Masjid Rotowijayan Saksi Sejarah Perjuangan Kraton Hadapi Penjajah

Masjid di Yogyakarta bukan hanya sekadar tempat ibadah melainkan memiliki catatan penting tersendiri dalam sebuah sejarah. Salah satunya Masjid Rotowijayan atau juga dikenal dengan sebutan Masjid Keben merupakan salah satu dari masjid milik Kraton Yogyakarta yang terletak di depan pintu masuk gerbang Kemandungan Lor (Keben) di Rotowijayan Kadipaten Kraton Yogyakarta.
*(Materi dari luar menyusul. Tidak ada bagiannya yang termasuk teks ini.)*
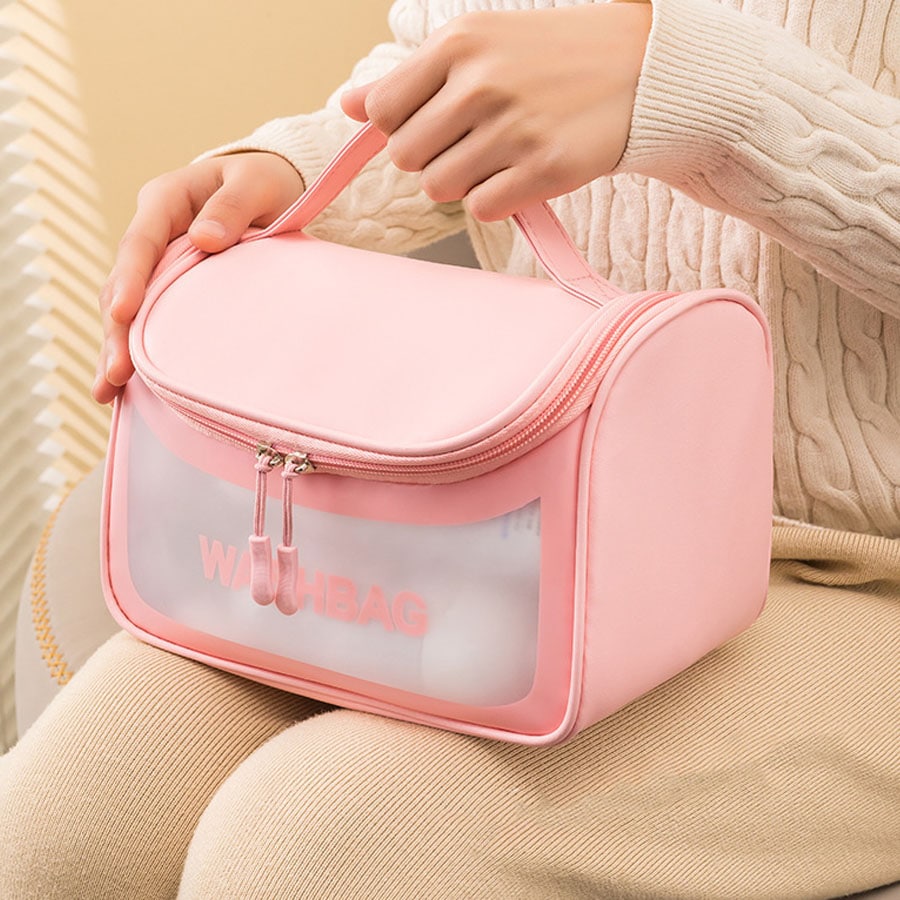 【ピンク】たっぷり収納メイクポーチ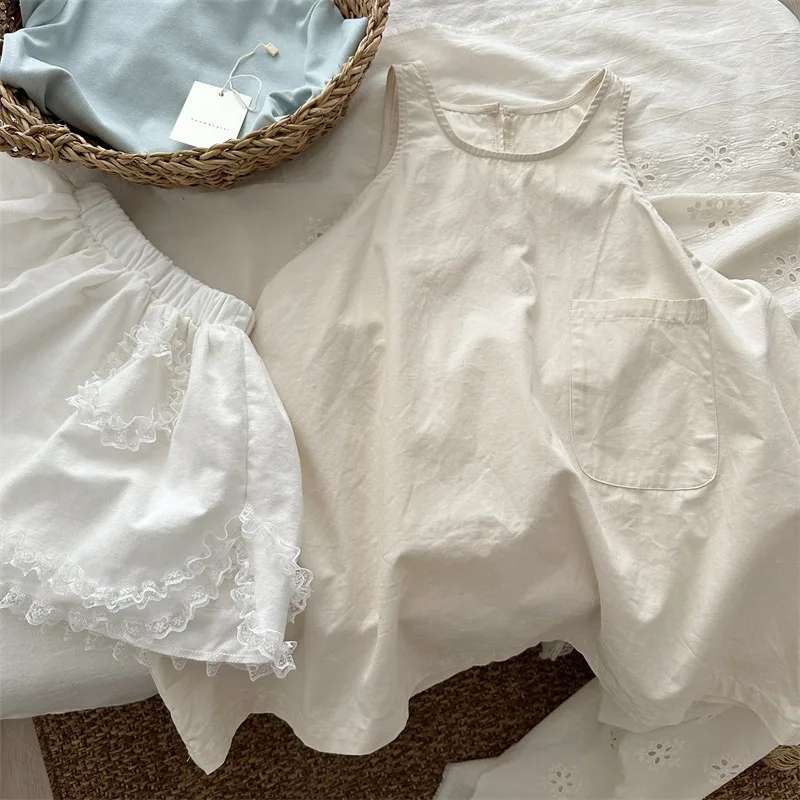 2025 Girls' Elegant Pocket Sleeveless Skirt Spring and Autumn New Product Children's Stacked Solid Color Loose Dress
Masjid ini dibangun pada 2 April 1792 semasa pemerintahan Sri Sultan Hamengku Buwono II dalam rangka memperingati jumenengan dalem Sri Sultan Hamengkubuwono II dengan nama Masjid Soronoto atau Suranata. Suronata adalah abdi dalem yang mengurusi dan merawat masjid di lingkungan Kraton Yogyakarta. Pada tanggal 17 Agustus 1826, masjid ini digunakan untuk menyemayamkan jenazah Kanjeng Gusti Pangeran Adipati (KGPA) Mangkudiningrat yang merupakan putra kesayangan Sri Sultan Hamengku Buwono II.
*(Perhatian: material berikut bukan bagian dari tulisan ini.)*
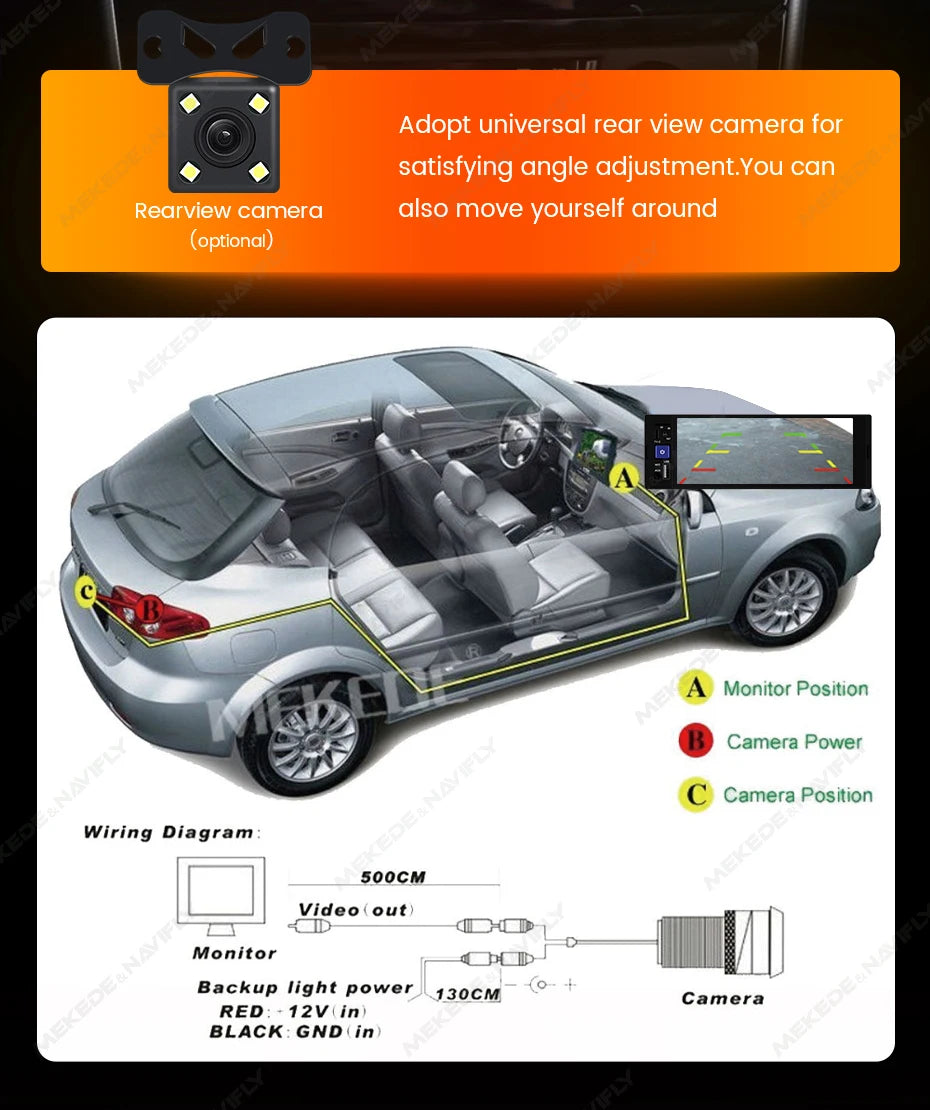 1din 6.86inch HD Touch Screen Multimedia Player Wireless For Apple Carplay Android Auto Support Bluetooth AUX Mirror Link FM SWC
Dalam komplek masjid ini juga terdapat makam Kiai Driyoijoyo seorang abdi dalem yang bertugas memayungi KGPA Mangkudiningrat. Hal ini disampaikan oleh Dwi Priyono Pengurus Takmir Masjid Rotowijayan yang ditemui seusai jamaah sholat ashar di masjid tersebut, beberapa waktu lalu. "Yang tak kalah menarik, Masjid Rotowijayan ini juga merupakan saksi sejarah tertembaknya bahu komandan pasukan Inggris Kolonel Galapsy dalam peristiwa yang dikenal dengan Geger Spey atau Perang Inggris melawan Sri Sultan Hamengku Buwono II," jelasnya.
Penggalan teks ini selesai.